E’ un Ciro Immobile schietto ed aperto quello che si è raccontato a RivistaUndici, parlando a 360° della sua esperienza dentro e fuori dal campo sino a questo momento.
A cominciare, inevitabilmente, dal periodo d’oro di Pescara: “Zeman mi ha insegnato i movimenti giusti; quando il centrocampista ha la palla orientativamente puoi farti un’idea di dove potresti correre. Importante è anche la coordinazione: devi capire dove correre e come concludere, e lo devi fare il più velocemente possibile. Mi è servita molto anche l’esperienza fatta al Genoa, e poi è arrivato il Torino.. Anche lì ho vissuto momenti difficili: nelle 7 partite in cui non facevo gol si diceva che non fossi pronto per la Serie A, che ero diventato capocannoniere in B solo perchè c’era Zeman.”

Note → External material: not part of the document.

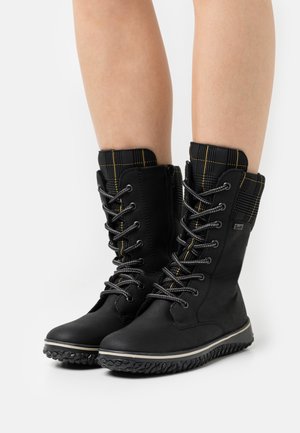 Rieker Winter boots - schwarz/gold
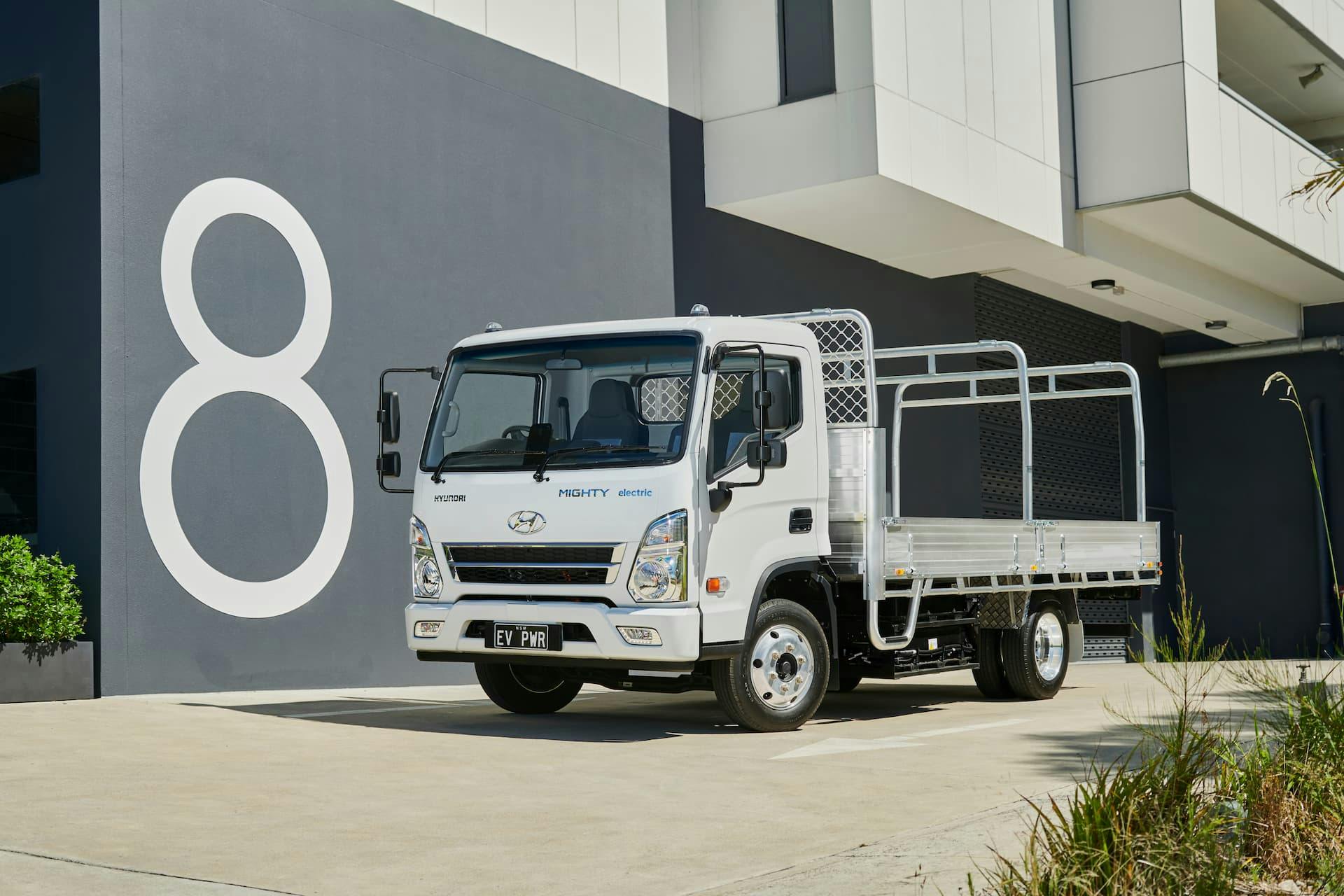 White Hyundai Mighty cab-chassis truck in front of '8' apartment symbol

Un’altra situazione che avrebbe potuto abbattere Immobile è stata proprio l’estate post promozione con il Pescara: “non ho capito perchè dopo quell’annata Verratti andò al Paris Saint-Germain, Insigne al Napoli ed io invece sono andato al Genoa..” Ma Ciro, partenopeo purosangue, non è di certo un tipo che si piange addosso: “alla fine tutto gira, tutto cambia. Quando non giochi è difficile, ti abbatte; ma io non sono uno che si butta giù facilmente!” Non c’è riuscito neppure la deludente parentesi in Germania: “Klopp mi ha insegnato che non si molla mai; Tuchel mi parlava in tedesco, e io gli dissi che non lo capivo. Lì si rese conto che ero in difficoltà.”

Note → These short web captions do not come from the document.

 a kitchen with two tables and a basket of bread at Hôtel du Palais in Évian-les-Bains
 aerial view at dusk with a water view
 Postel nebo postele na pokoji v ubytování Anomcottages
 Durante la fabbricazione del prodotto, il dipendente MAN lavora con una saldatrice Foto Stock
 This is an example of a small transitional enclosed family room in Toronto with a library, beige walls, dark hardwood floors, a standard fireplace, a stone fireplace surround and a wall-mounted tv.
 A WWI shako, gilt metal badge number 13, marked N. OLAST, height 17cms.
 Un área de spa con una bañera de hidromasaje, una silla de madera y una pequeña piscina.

Chiusura con dedica agli anni dell’infanzia, quelli che hanno forgiato nel carattere Ciro Immobile da Torre Annunziata: “non era il periodo di internet, giocavamo dappertutto, anche dove passavano le macchine! A 4 anni mi iscrissi alla scuola calcio: non volevo mai saltare un allenamento, nemmeno con la febbre. Una volta, addirittura, mi smarcai da un avversario passandogli sotto le gambe; ho buttato la palla di lato e siccome stavo inciampando gli sono passato sotto, continuando a correre. Merito di mamma: è grazie a lei se non mi fermo mai!”